The biggest challenge facing U.S. manufacturing today is a very unfavorable corporate income tax structure in comparison to other countries. It is difficult to justify on-going manufacturing in the US at 32% rate vs. Ireland at 12% or tax holidays in Malaysia.

The environmental cost burden placed on U.S. manufacturers that is not reflected in the cost of imports.

A level environmental playing field

Politics

Government intervention and denial that manufacturing is needed in this country so it can continue to be prosper and supply adequate jobs

Government intervention of Free Market principles

The U.S. is still the world's largest manufacturer. We need to treat it as such.

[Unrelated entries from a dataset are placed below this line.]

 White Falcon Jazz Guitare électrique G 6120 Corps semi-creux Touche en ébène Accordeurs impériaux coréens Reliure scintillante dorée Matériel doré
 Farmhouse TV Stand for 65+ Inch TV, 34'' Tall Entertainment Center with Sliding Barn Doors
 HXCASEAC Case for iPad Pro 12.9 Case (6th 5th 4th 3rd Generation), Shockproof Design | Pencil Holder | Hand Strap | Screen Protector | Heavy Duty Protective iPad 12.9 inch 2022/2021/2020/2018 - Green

In the U.S., the biggest challenge is apathy on the part of our public leaders and a general lack of understanding by the public of the role of manufacturing in the wealth and welfare of the country.

Workforce

An engaged domestic workforce

Young workforce with inexperience and overambitious expectations for responsibility and salary

Finding machine shop employees

Lack of focus at the educational level; talented young people do not want to get into the field because it seems like a dying area

Working with employees with lack of engineering knowledge and without a work ethic

Removing the "that's the way we have always done it" thinking from the employees mind set

Typically U.S. employees (non-production) have few rights compared to European and Asian employees. I see American employees taking big hits to total compensation where in other countries they have more laws to prevent massive cuts.

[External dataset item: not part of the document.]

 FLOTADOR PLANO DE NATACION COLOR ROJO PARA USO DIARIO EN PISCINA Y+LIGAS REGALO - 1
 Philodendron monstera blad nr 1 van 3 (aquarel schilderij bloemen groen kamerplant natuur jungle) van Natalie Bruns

Trying to motivate individuals -- the younger workers only want to work 8 to 5

Operations

Moving into new technological advances with fabrication, robotics, and logistics execution based scheduling

In my experience, the biggest challenge facing manufacturing in 2010 is the inability to internally recognize problems.

The inability to see past that quality should always come before quantity.

The manufacturing industry has always been generally conservative - and with the downturn in the economy, the truly conservative companies are the ones who are faltering. Only the companies who invest in their technology and workforce during the downturn can survive.

Too many companies trying to get in a different part of manufacturing than they specialize in

Dealing with the rising cost of materials while keeping costs down

Keeping costs down without destroying the culture

Controlling costs while not jeopardizing quality

Breaking the current manufacturing paradigm model that ignores or accepts waste in all facets of the value stream

The lack of realization of total cost of manufacture -- including the carbon footprint - by governmental personnel when reviewing our need for Cap & Trade

New technology vs. old technology. Long time/older employees well versed in old technology. New employees/young employees better at new technology, but with little to no knowledge of old technology.

Loss of IP to others

Obtaining the CAPEX required to improve and upgrade equipment and facilities

Leadership & Strategy

Fighting the perception of short-term results, which leads to outsourcing

Lack of understanding of the cultural changes that need to happen at the Senior Leadership position

Competitive Position

Competing with lower cost manufacturing alternatives from both overseas and from other transplant companies

New foreign competitors that play by a whole set of different rules

Unfair competition from China because of their inflated currency, lack of environmental regulations, and government subsidizing of their industries

Innovation resource commitment

Corporate America is viewed as corrupt and not environmentally correct, but it's okay to buy from a third world country and get a deal and mess up their environment.